“Don't cry, there’s always a way. Here in November in this house of leaves we'll pray. Please, I know it’s hard to believe to see a perfect forest through so many splintered trees. You and me and these shadows keep on changing…”
Manhattan, New York, United States
Koşuyorum. Var gücümle koşuyorum. Hava karanlık. Bir ormandayım. Sık ağaçların arasından yolumu bulmaya çalışırken dallar kollarımı çiziyor. Koşmaya devam ediyorum. Üzerimdeki ince elbise beni rüzgardan korumuyor. Üşüyorum. Ayaklarım çıplak. Koşmaktan kesilen nefesimi toparlamak için duraksıyorum. Ormanın her yanından bir ses geliyor sanki. Ne tarafa gideceğimi bilemiyorum. Tek bildiğim kaçmam gerektiği. Olabildiğince uzağa. Koş Nare…Koş…
Buz gibi ellerimle kendimi sarıyorum ısınmak için. Fayda etmiyor. Peşimde bir şey var. Ne olduğunu bilmiyorum, sadece kaçmam gerektiğini biliyorum. Koşmaya devam ediyorum. Bastığım toprak kırılmış ağaç dallarıyla kaplı. Her adımımda daha çok canım yanıyor. Ama duramam. Koşuyorum. Yaklaşıyor, hissedebiliyorum. Sanki arkamı dönsem, peşimdeki her neyse onun gözlerinin içine bakabileceğim. Ama yapamam. Yaklaşıyor…Daha hızlı koşuyorum, nefesim tükenmek üzere. Daha fazla devam edemem. Üstelik nereye gittiğimi bile bilmiyorum. Kayboldum…Kulaklarımda uğuldayan rüzgar bana ne anlatmak istiyor? Dinlemeye cesaretim var mı? Kalbimin gürültüsü rüzgârın uğultusuna karışmış…Etrafımdaki ağaçlar nefes alıyor, beni izliyor sanki. Çok fazla ses var. Koşuyorum. Tam ensemde bir nefes…

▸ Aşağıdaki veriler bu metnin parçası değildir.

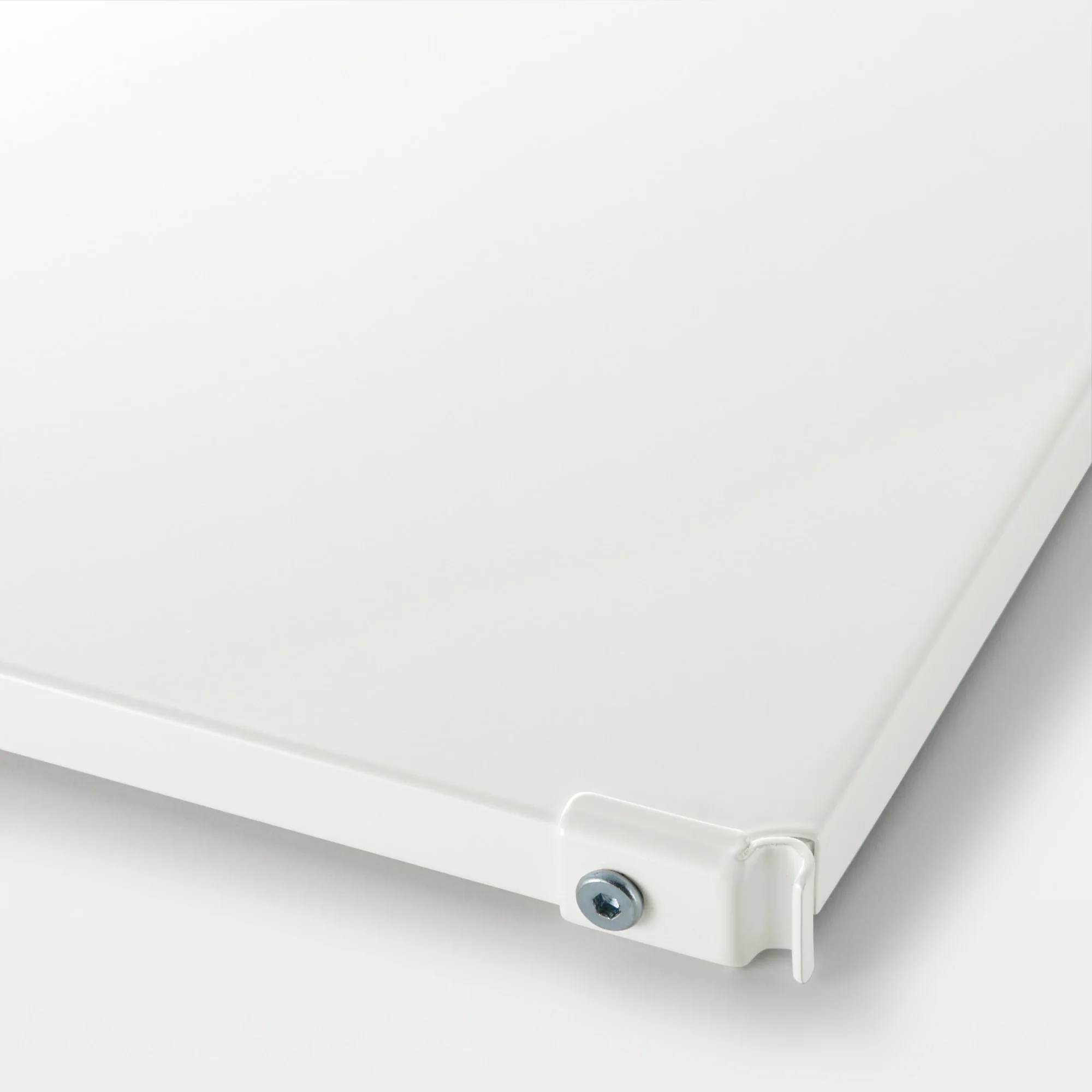 SUS Shelving Unit Additional Shelf - White Grey - Wide (W84 cm) - Image 2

Durdum. Bitti işte…Yakaladı beni. Ne yapacağım? Dönüp ona baksam…Cesaretimi toplayıp döndüm ve onunla yüz yüze geldim. Bana bakan bu gözleri tanıyordum ama aynı zamanda bir yabancıya ait gibiydi. Gözlerimi kaçırdım, arkamı dönüp gitmek istedim. Ama tam önümde durdu. Soğuk parmakları yüzümü kavradı ve beni ona bakmaya zorladı. “Bak bana…” diye fısıldadı.
Çok derinlerden gelen bir sesti bu. Kelimelerinin yaydığı enerjiyi ruhumda hissettim. Korkuyordum ama o sesi dinledim ve ona baktım. Bu yüz…benim yüzümdü. Farklı görünüyordu ama bu bendim. Rüzgar saçlarını dağıtırken gözlerini bile kırpmadan bana bakıyordu. Elini uzattı. Uzattığı eline baktım. Tutmak için ben de ona elimi uzattım. Parmaklarımız birbirine degdiği an her şey yıkılmaya başladı. Sarsıntı o kadar güçlüydü ki dünyanın sonu gelmişti sanki. Ayağımın altındaki toprakların parçalandığı gördüm. Çöküyor…Her şey çöküyor…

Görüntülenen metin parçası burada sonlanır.